I was using .htaccess to rewrite everything back to my root folder but used
background-image: url('../img/login_facebook.png')
in my css file. I removed the .. and the problem was solved.
Here is another great article on why this occurs: https://www.nczonline.net/blog/2009/11/30/empty-image-src-can-destroy-your-site/
I was getting the same error using Chrome in an ASP.NET site. I was getting the page life-cycle firing again with IsPostBack set to False.
This caused all sorts of issues for me.
I just had the same issue, and once I shut down the JSON Viewer extension, problem was solved.
I can recommend this extension for viewing JSON's without the extra request as side-effect:
https://chrome.google.com/webstore/detail/json-formatter/bcjindcccaagfpapjjmafapmmgkkhgoa
I believe it is just how Google Chrome works. I put some code on my index page to write to a file with the file name that was loaded, and every time I load the page (using refresh or a new window) it puts 2 results in the file.

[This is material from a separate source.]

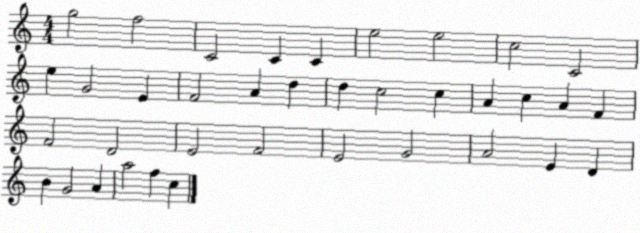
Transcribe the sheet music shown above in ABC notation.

EDIT: I renamed my index file to test.php and ran it again. This time it only had one result. This problem is pissing me off.
EDIT: I renamed my file back to index.php and ran it. Same problem. Then I renamed my .htaccess (for mod_rewrite) to htaccess so it wouldn't be parsed and the problem is gone. After I found this out, I disabled url rewriting in the .htaccess file and the problem was still gone (finally). I did one more test (if people are still reading this crap) and found that google loads the page twice when you redirect from the .htaccess file. I found a little workaround that seems to fix the problem.
Not sure if this applies to asp.net. I only know php coding and apache servers.